Autor: Mott RE; Cell Press, Cambridge, MA, United States., von Reyn CR; School of Biomedical Engineering, Science and Health Systems, Drexel University, Philadelphia, PA, United States.; Department of Neurobiology and Anatomy, Drexel University College of Medicine, Philadelphia, PA, United States., Firestein BL; Department of Cell Biology and Neuroscience, Rutgers, The State University of New Jersey, Piscataway, NJ, United States., Meaney DF; Department of Bioengineering, University of Pennsylvania, Philadelphia, PA, United States.; Department of Neurosurgery, University of Pennsylvania, Philadelphia, PA, United States.
Jazyk: angličtina
Zdroj: Frontiers in computational neuroscience [Front Comput Neurosci] 2021 Mar 29; Vol. 15, pp. 580107. Date of Electronic Publication: 2021 Mar 29 (Print Publication: 2021).

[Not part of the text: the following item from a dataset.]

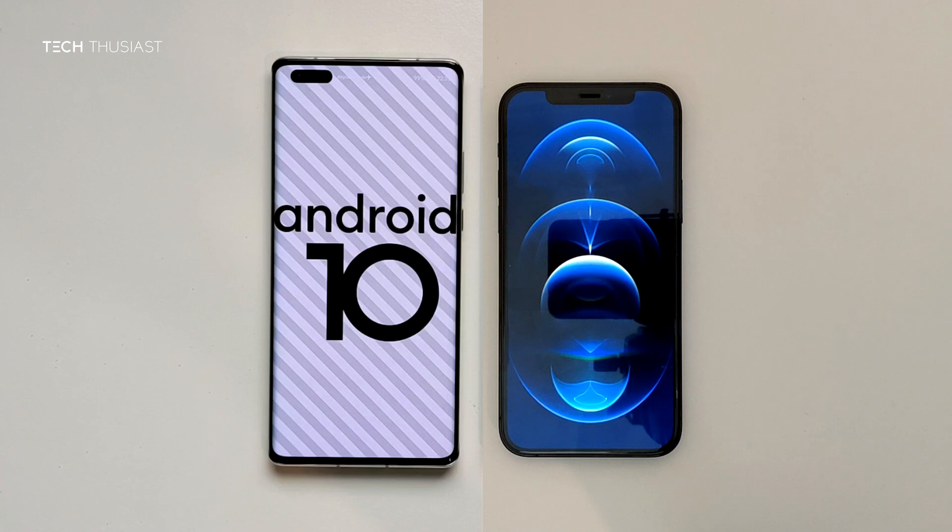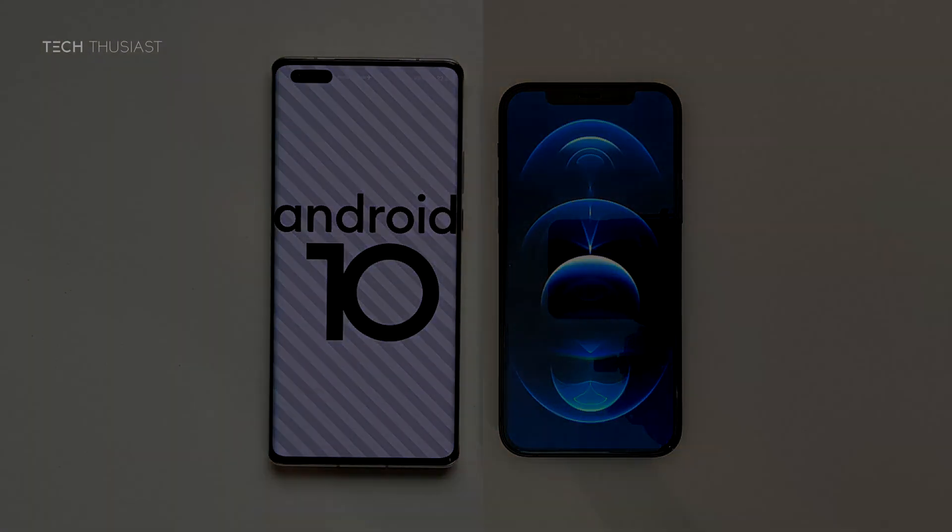So that wraps it up for this Antutu benchmark comparison. What did you think? Do let me know in the comment section. If you have enjoyed this video, give it a thumbs up. If it is your first time here, please do consider subscribing as I have more videos coming up. Make sure you hit that bell icon so you get notified as soon as I release my videos. Please do follow me on Twitter and Instagram, and as always, thanks for watching and I will catch up with you in the next video.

DOI: 10.3389/fncom.2021.580107
Abstrakt: Traumatic brain injury is a devastating public health problem, the eighth leading cause of death across the world. To improve our understanding of how injury at the cellular scale affects neural circuit function, we developed a protocol to precisely injure individual neurons within an in vitro neural network. We used high speed calcium imaging to estimate alterations in neural activity and connectivity that occur followed targeted microtrauma. Our studies show that mechanically injured neurons inactivate following microtrauma and eventually re-integrate into the network. Single neuron re-integration is dependent on its activity prior to injury and initial connections in the network: more active and integrated neurons are more resistant to microtrauma and more likely to re-integrate into the network. Micromechanical injury leads to neuronal death 6 h post-injury in a subset of both injured and uninjured neurons. Interestingly, neural activity and network participation after injury were associated with survival in linear discriminate analysis (77.3% correct prediction, Wilks' Lambda = 0.838). Based on this observation, we modulated neuronal activity to rescue neurons after microtrauma. Inhibition of neuronal activity provided much greater survivability than did activation of neurons (ANOVA, p < 0.01 with post-hoc Tukey HSD, p < 0.01). Rescue of neurons by blocking activity in the post-acute period is partially mediated by mitochondrial energetics, as we observed silencing neurons after micromechanical injury led to a significant reduction in mitochondrial calcium accumulation. Overall, the present study provides deeper insight into the propagation of injury within networks, demonstrating that together the initial activity, network structure, and post-injury activity levels contribute to the progressive changes in a neural circuit after mechanical trauma.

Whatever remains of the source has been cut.